Aim of the task: The lines running from the one that contains "Libro da colorare" to the end of the records below are what to reproduce, exactly and without pictures.

+ + + + + + +

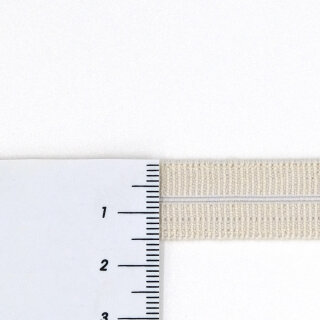 Organic elastic - edge binding - 15 mm - ecru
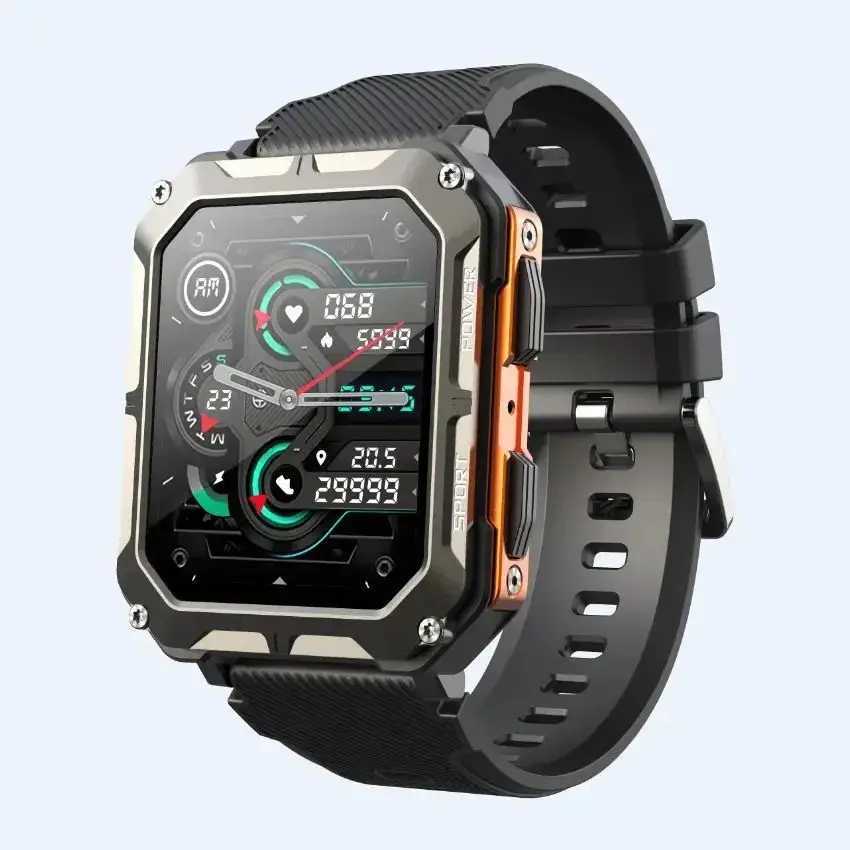 CUBOT C20 Pro SmartWatch 1.83-inch IP68 Waterproof Sport Watch for Men Heart Rate Fitness Tracker 24H Health Monitor Phone Call O250306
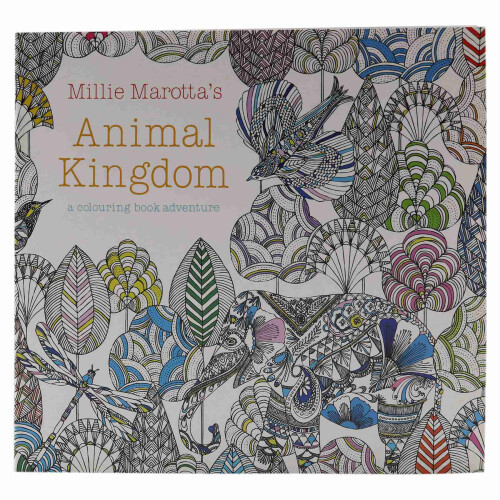 Libro da colorare e dipingere sul regno animale per bambini e adulti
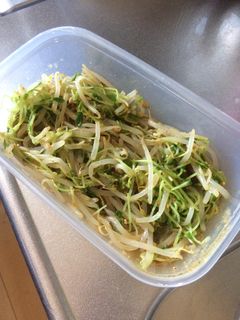 もやし&豆苗ナムル-レシピのメイン写真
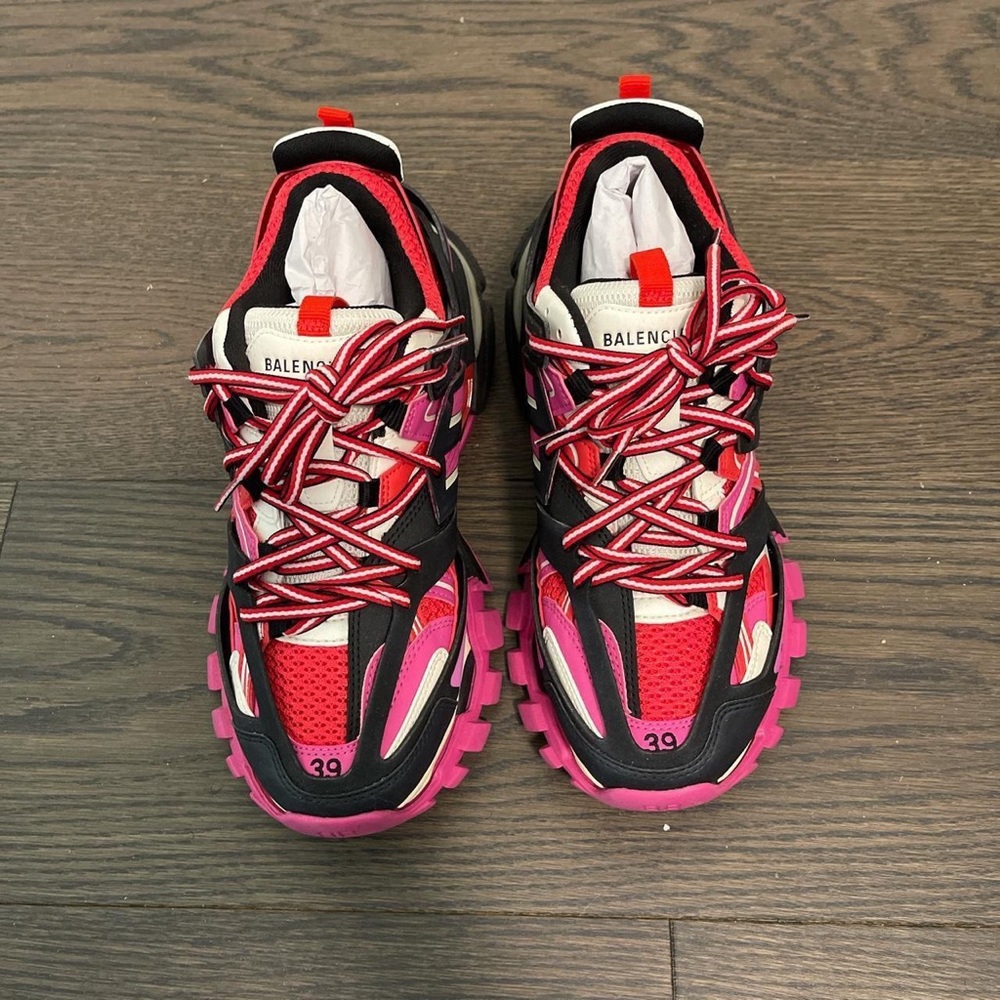 Pink Balenciaga Track Sneakers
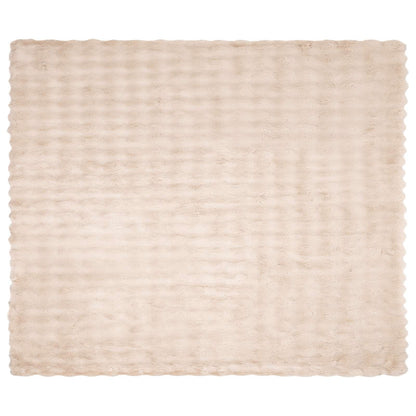Coperta in Pelliccia di Coniglio Finta Beige 220 x 240 cm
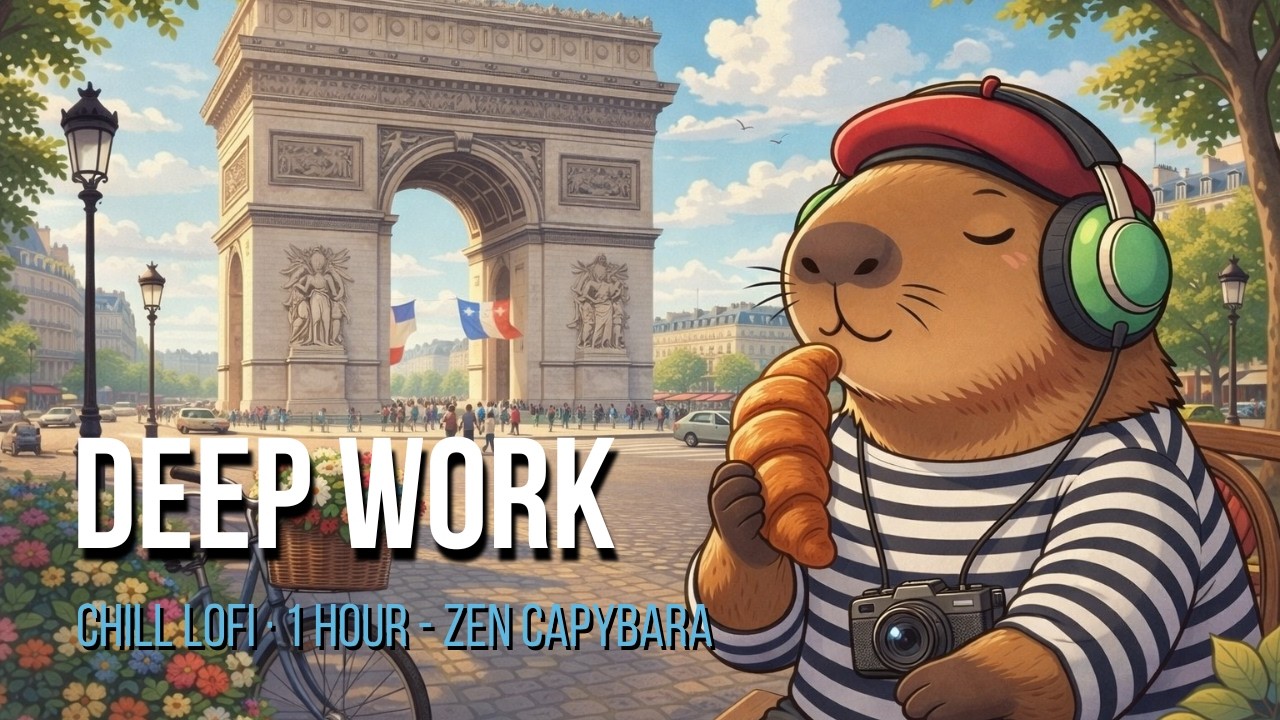 Lofi Beats for Studying & Focus 🇫🇷 Chill Hip Hop / Deep Work Music (Capybara France Vibes)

+ + + + + + +

Output for this task:
 Libro da colorare e dipingere sul regno animale per bambini e adulti
 もやし&豆苗ナムル-レシピのメイン写真
 Pink Balenciaga Track Sneakers
Coperta in Pelliccia di Coniglio Finta Beige 220 x 240 cm
 Lofi Beats for Studying & Focus 🇫🇷 Chill Hip Hop / Deep Work Music (Capybara France Vibes)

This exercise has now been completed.